War is a symptom of a fallen world. Think about it. As far as human civilization has advanced, by the time World War 2 came around, even with the experience of a previous war that had been more destructive than any prior to it, the same old, unresolved human problems were still seething beneath the surface. Unfortunately, human advances in science and technology had gone further than human wisdom was able to handle. Prejudice, jealousy, oppression, and hatred were fed by selfishness and greed, and the technology became a weapon to be used with the deadly intention of forcing people to bend to it. If you want any more proof of the Bible’s contention that humanity is fallen, and is incapable, through its own wisdom and reason, of saving itself, the fact that the most destrictive war in human history happened at a time when the educated and powerful had determined that society had reached the apex of reason is clear evidence of Biblical truth.

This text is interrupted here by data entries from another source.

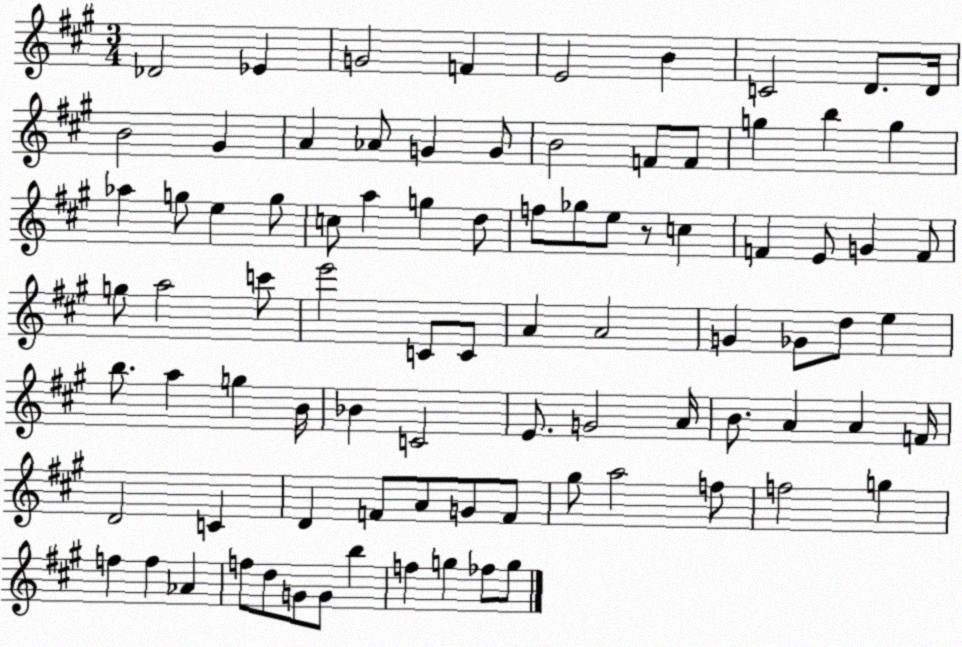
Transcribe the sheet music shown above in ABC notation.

X:1
T:Untitled
M:3/4
L:1/4
K:A
_D2 _E G2 F E2 B C2 D/2 D/4 B2 ^G A _A/2 G G/2 B2 F/2 F/2 g b g _a g/2 e g/2 c/2 a g d/2 f/2 _g/2 e/2 z/2 c F E/2 G F/2 g/2 a2 c'/2 e'2 C/2 C/2 A A2 G _G/2 d/2 e b/2 a g B/4 _B C2 E/2 G2 A/4 B/2 A A F/4 D2 C D F/2 A/2 G/2 F/2 ^g/2 a2 f/2 f2 g f f _A f/2 d/2 G/2 G/2 b f g _f/2 g/2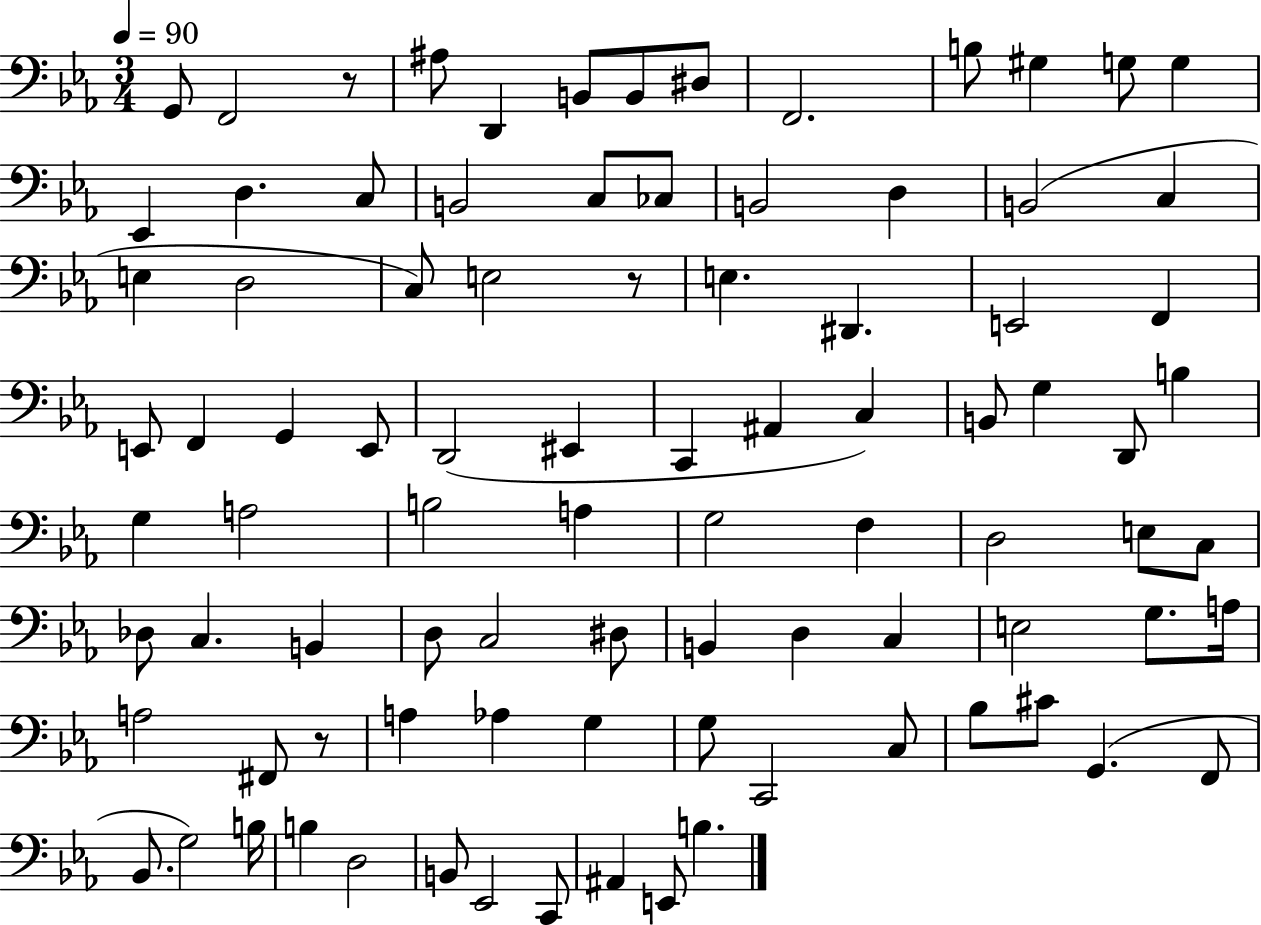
G2/e F2/h R/e A#3/e D2/q B2/e B2/e D#3/e F2/h. B3/e G#3/q G3/e G3/q Eb2/q D3/q. C3/e B2/h C3/e CES3/e B2/h D3/q B2/h C3/q E3/q D3/h C3/e E3/h R/e E3/q. D#2/q. E2/h F2/q E2/e F2/q G2/q E2/e D2/h EIS2/q C2/q A#2/q C3/q B2/e G3/q D2/e B3/q G3/q A3/h B3/h A3/q G3/h F3/q D3/h E3/e C3/e Db3/e C3/q. B2/q D3/e C3/h D#3/e B2/q D3/q C3/q E3/h G3/e. A3/s A3/h F#2/e R/e A3/q Ab3/q G3/q G3/e C2/h C3/e Bb3/e C#4/e G2/q. F2/e Bb2/e. G3/h B3/s B3/q D3/h B2/e Eb2/h C2/e A#2/q E2/e B3/q.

“Defending righteousness makes us feel virtuous, even as we undertake that which is utterly lacking in virtue.” Phillip Gulley, “Living the Quaker Way”
The Japanese and Germans were both influenced by philosophies that led their people to believe they were superior to other nationalities and races. So crossing this ethical threshold in war, by using their advanced weapons to destroy other countries, diminish their ability to defend themselves and walk in and help themselves to the resources was justifiable. The fact that the United States was defending most of those people, and perhaps ourselves too, should not lead us to believe that we are better people than those against whom we fought, and thus buy into the same moral bankruptcy that they accepted. It is understandable that in order to win the war and defend people from exploitation, we had to fight it with the same tactics as the enemy, which included terror bombing of cities full of civilian non-combatants, and the burning and destruction of cultural monuments and historical icons like Dresden, Wurzburg, and Vienna, and Tokyo, Osaka and Kyoto. But we haven’t learned the lesson if we consider Hiroshima and Nagasaki as retaliation for Pearl Harbor. That gets into measuring the value of American lives and casualties by the numbers against the nameless, faceless Japanese people who were incinerated by an atom bomb. There’s no quid pro quo here. That’s what Hiroshima teaches us.

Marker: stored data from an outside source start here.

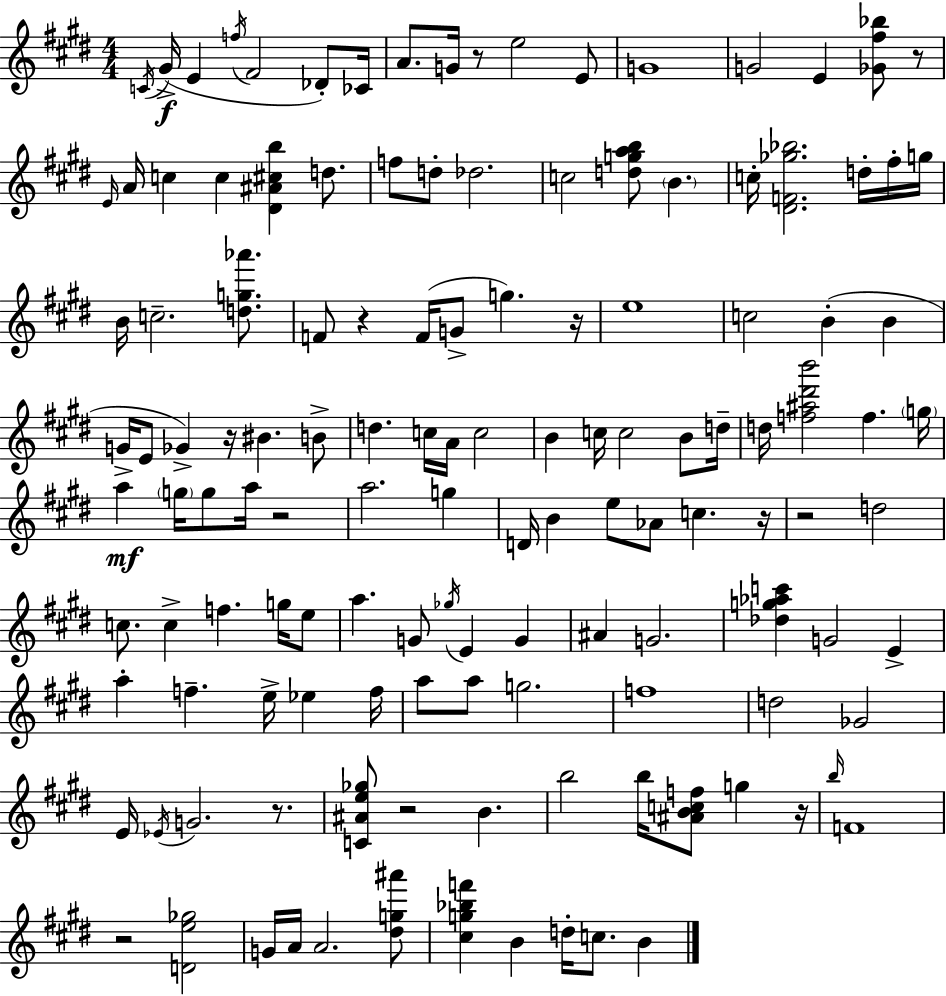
X:1
T:Untitled
M:4/4
L:1/4
K:E
C/4 ^G/4 E f/4 ^F2 _D/2 _C/4 A/2 G/4 z/2 e2 E/2 G4 G2 E [_G^f_b]/2 z/2 E/4 A/4 c c [^D^A^cb] d/2 f/2 d/2 _d2 c2 [dgab]/2 B c/4 [^DF_g_b]2 d/4 ^f/4 g/4 B/4 c2 [dg_a']/2 F/2 z F/4 G/2 g z/4 e4 c2 B B G/4 E/2 _G z/4 ^B B/2 d c/4 A/4 c2 B c/4 c2 B/2 d/4 d/4 [f^a^d'b']2 f g/4 a g/4 g/2 a/4 z2 a2 g D/4 B e/2 _A/2 c z/4 z2 d2 c/2 c f g/4 e/2 a G/2 _g/4 E G ^A G2 [_dg_ac'] G2 E a f e/4 _e f/4 a/2 a/2 g2 f4 d2 _G2 E/4 _E/4 G2 z/2 [C^Ae_g]/2 z2 B b2 b/4 [^ABcf]/2 g z/4 b/4 F4 z2 [De_g]2 G/4 A/4 A2 [^dg^a']/2 [^cg_bf'] B d/4 c/2 B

Let’s not get on a moral high horse here. While there are those among us who are bothered by the fact that the United States remains the only nation in the world to use a nuclear weapon in combat, twice, and bothered by the whole air war and bombing campaign, there are plenty of others who simply see that giving back to the Germans and Japanese what they had done to their weaker enemies, and what the Japanese in particular did to us at Pearl Harbor, Corregidor, and Bataan, was the right thing to do, and that they, collectively, deserved what happened to them. If there’s any glory to claim, it should be done with a repentant attitude, realizing that we do indeed have the ability to avoid ever having to do something like this again, and we should take every advantage of every opportunity that affords itself to us to do so.
Technology isn’t moving backward. So human wisdom must be coupled with a higher power, the wisdom of God, in order to avoid any more Hiroshimas.